- Logo used by Lions' Den
- Founders: Mohammed al-Azizi † Abdel Rahman Suboh † Abdul Hakim Shaheen †
- Founded: July 2022
- Split from: Nablus Brigade and Fatah (in part)
- Country: Palestine
- Allegiance: Hamas and Palestinian Islamic Jihad (political and financial support, according to Israel and the PA)
- Headquarters: Nablus, West Bank, Palestine
- Active regions: West Bank
- Ideology: Big tent
- Size: ~100 (according to Palestinian security sources in 2022)

= Lions' Den (militant group) =

Palestinian faction in the West Bank

The Lions' Den (عرين الأسود) is a Palestinian militant group operating in the Israeli-occupied West Bank.

The group emerged in August 2022, a year of increased violence in the Israeli–Palestinian conflict, and takes its moniker from its co-founder Ibrahim al-Nablusi, a prominent militant from Nablus, nicknamed "The Lion of Nablus", who was killed in an Israeli raid. It comprises members of other Palestinian militant organizations, traditionally opposed by Fatah, including Hamas and Palestinian Islamic Jihad, and disaffected members of Fatah, mainly young and secular. The group is reportedly based in the Old City of Nablus.

The organization was founded by a 25-year-old Palestinian named Mohammed al-Azizi, more commonly known as "Abu Saleh", and his friend Abdel Rahman Suboh, or "Abu Adam", 28 years old. They were both killed in fighting in July 2022. The group has experienced a rise in popularity among Palestinians in the West Bank, spurred by mounting frustration with the over 50 year old Israeli occupation of the West Bank, the seeming permanence of Israeli settlements and an accompanying increasing Israeli settler violence, along with ineffective governance by the Palestinian Authority.
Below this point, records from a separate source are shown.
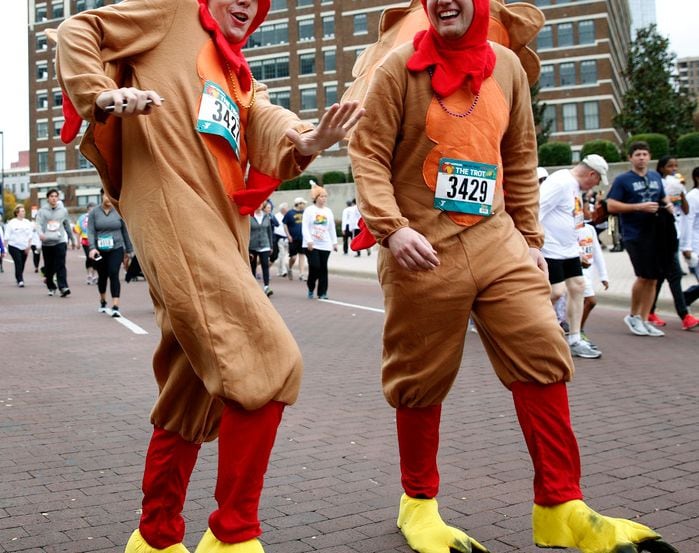 Costumed participants have fun at a Turkey Trot event.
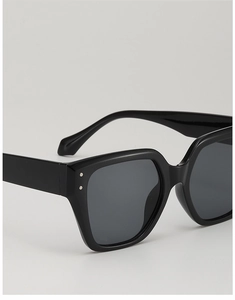 Close-up of black glossy oversized square sunglasses with metallic rivet details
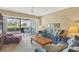 Comfortable living room featuring a ceiling fan and sliding glass door to the patio at 454 Cerromar Rd # 172, Venice, FL 34293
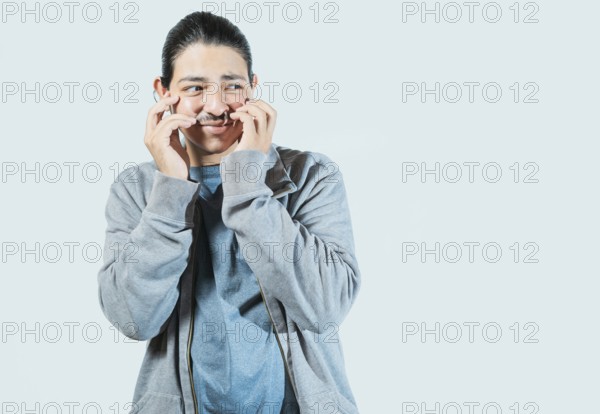 Guy with disgusted face looking to the side isolated. Person with embarrassed face looking to the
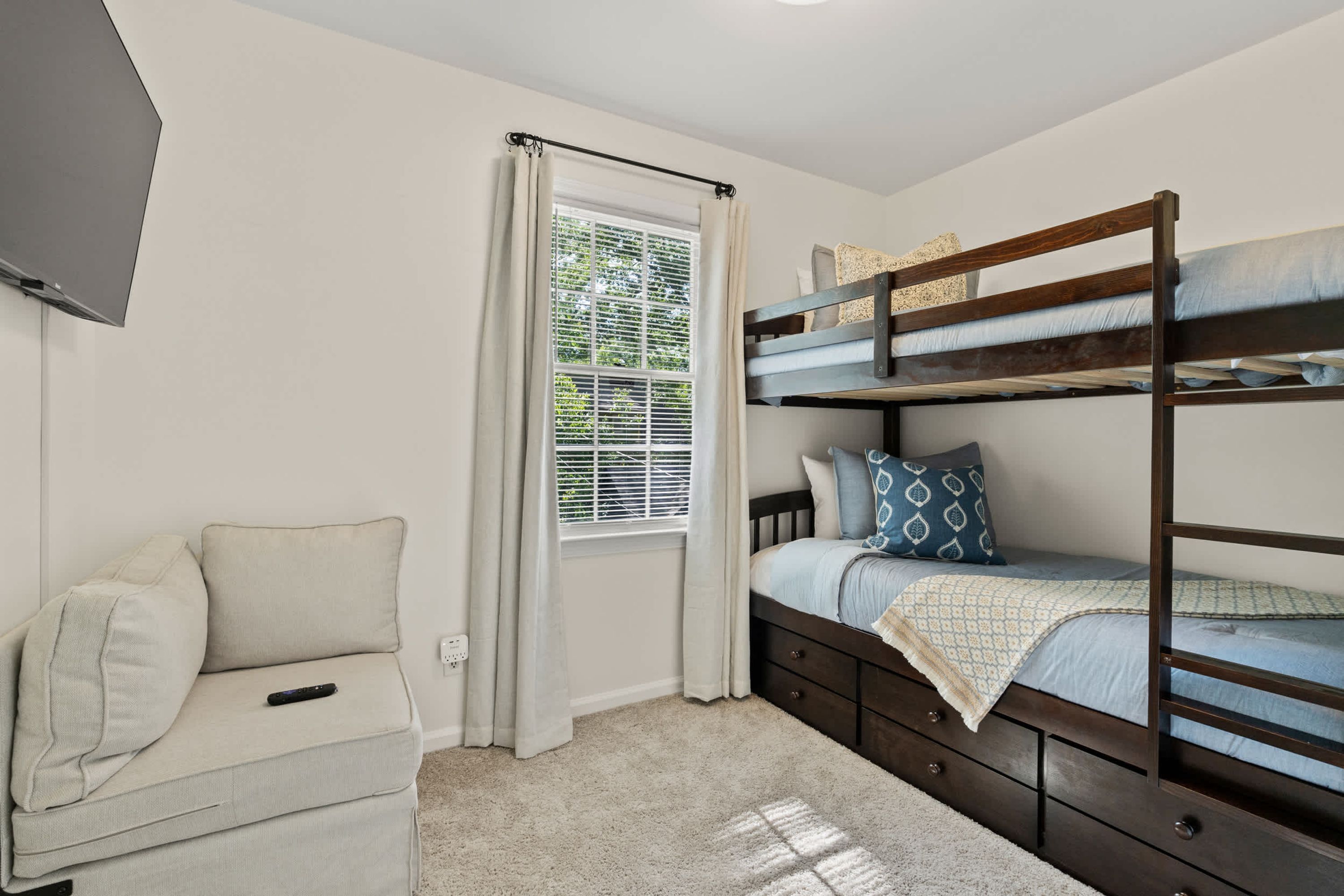 A bedroom with a bunk bed, a sofa, a window with curtains, and a television on the wall.
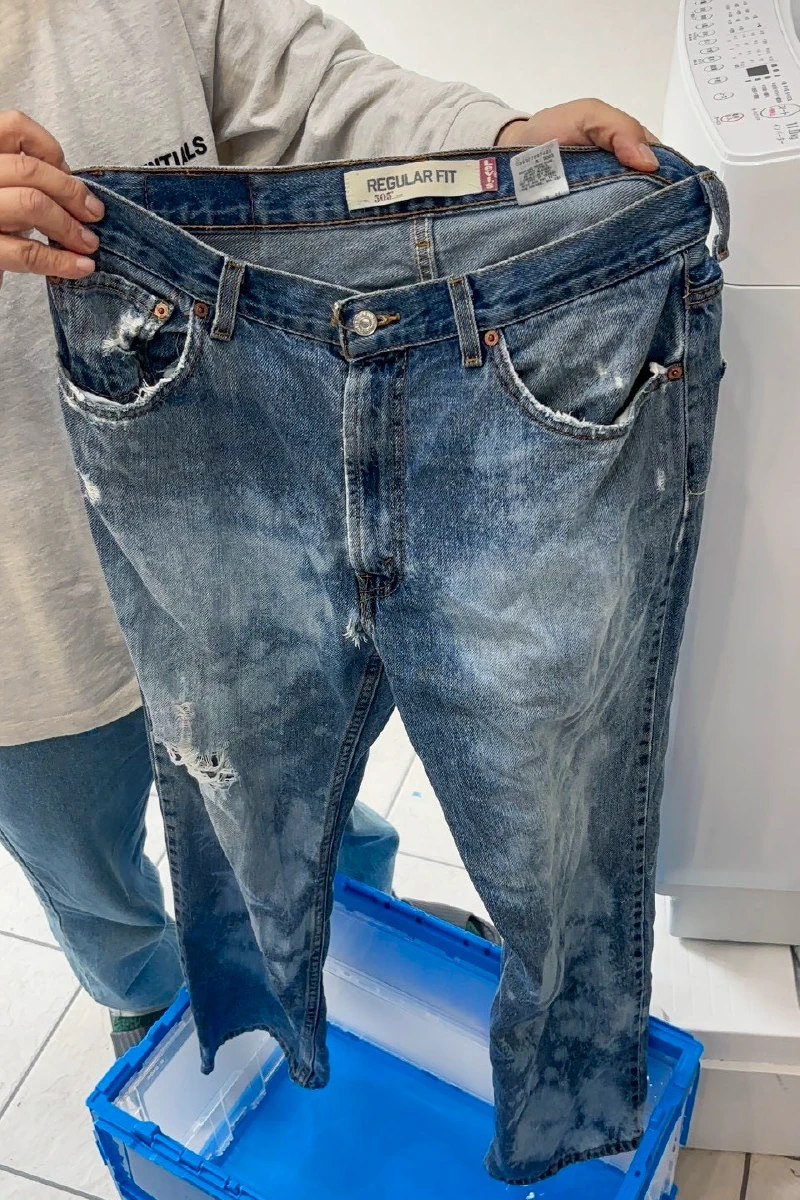 デニム全体の色の抜け具合を確認する利用者さん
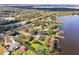 Lakeside property with docks and lush trees in an aerial landscape at 8309 W Lake Marion Rd, Haines City, FL 33844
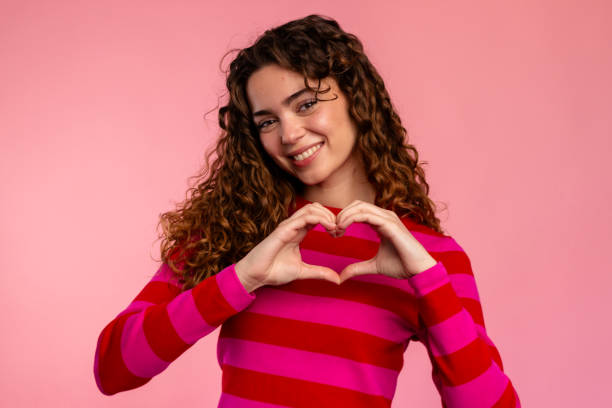 Woman Making Heart Shape with Hands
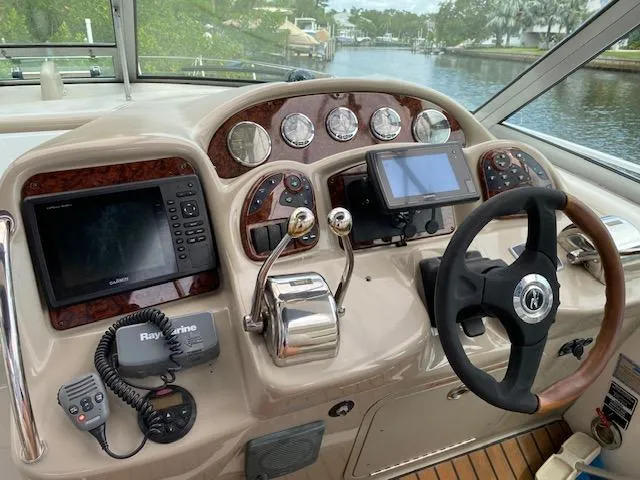 Slide: The Image of 2006 Sea Ray Sundancer helm with navigation equipment and steering wheel, overlooking a serene waterway. - 23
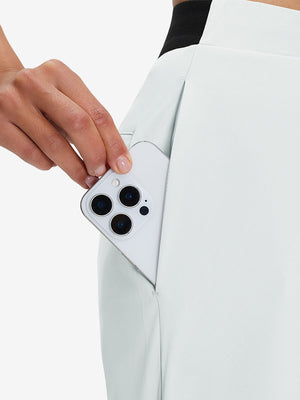 Side view of pocket on white women's lightweight athletic sweatpants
The group has experienced a rise in popularity among Palestinians in the West Bank, regularly sharing videos of their attacks on TikTok and Telegram. Their TikTok account was suspended in October 2022, leading the group to publish the rest of their videos to their Telegram account, which holds 238,000 subscribers as of 24 February 2023.

==Background==
2022 was the deadliest year in the West Bank for Palestinians since 2015, mostly focused on Nablus and Jenin. There has been a notable rise in violence by extremist Jewish settlers. Following the killing of an Israeli soldier on 11 October 2022, for which the Lions' Den claimed responsibility, Nablus is under a tight siege which Palestinians protest as collective punishment.

== Funding ==
The group receives undisclosed amounts of funds from Hamas and Palestinian Islamic Jihad according to Israeli and Palestinian officials.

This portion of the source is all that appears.